§ GIVEN INFORMATION:

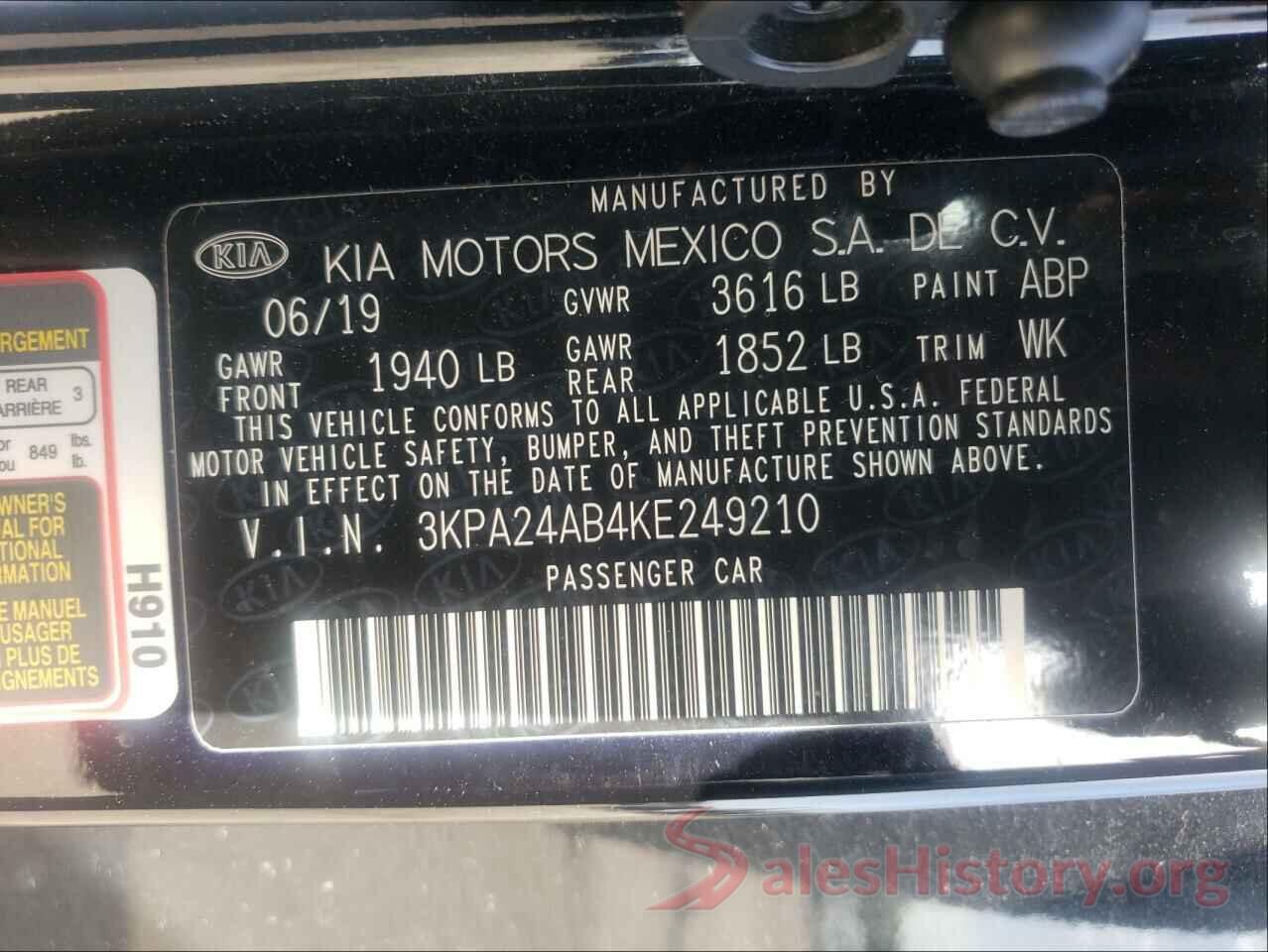 3KPA24AB4KE249210 2019 KIA RIO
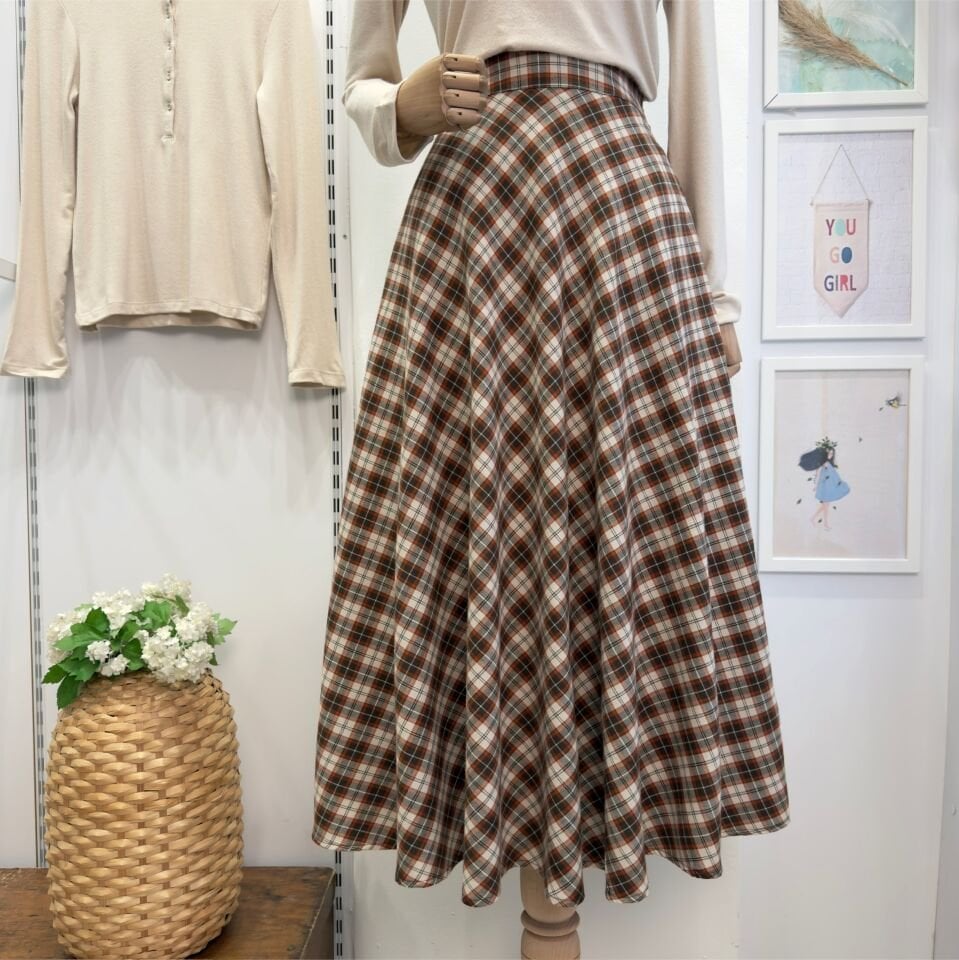 Turuncu Jesen Kloş Model Ekoseli Etek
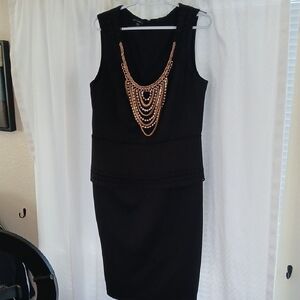 Metaphor Black Dress with Built-In Gold Necklace Accent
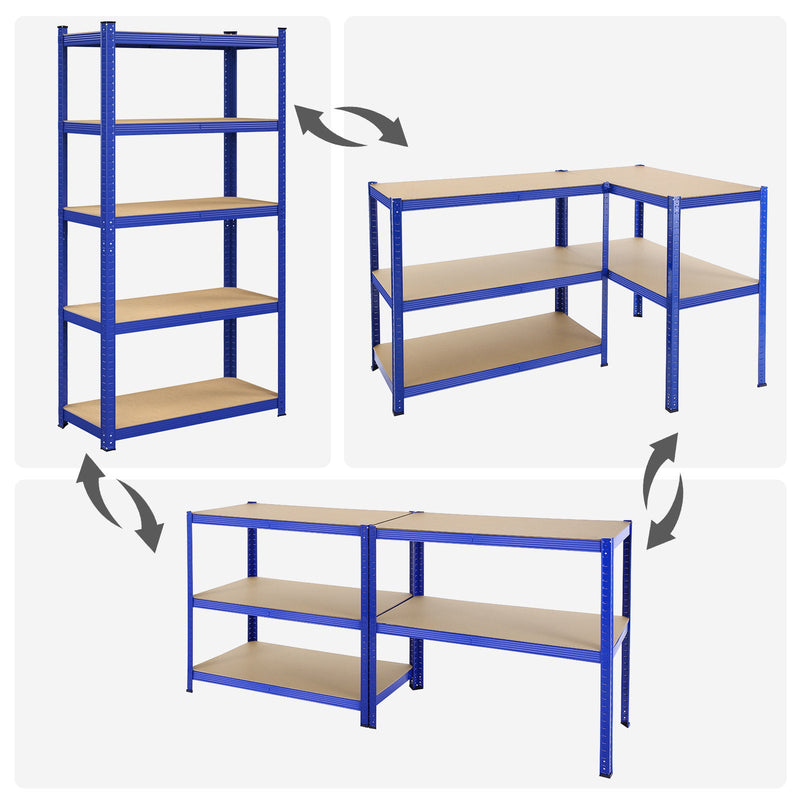 Opbergrek - Stellingkast - 5 verstelbare planken - Metalen rek - 180 x 90 x 40 cm - Draagvermogen tot 875 kg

§ THE TASK:
I would like the material above returned exactly as it stands, without its pictures.

§ EXERCISE OUTPUT:
 3KPA24AB4KE249210 2019 KIA RIO
 Turuncu Jesen Kloş Model Ekoseli Etek
 Metaphor Black Dress with Built-In Gold Necklace Accent
 Opbergrek - Stellingkast - 5 verstelbare planken - Metalen rek - 180 x 90 x 40 cm - Draagvermogen tot 875 kg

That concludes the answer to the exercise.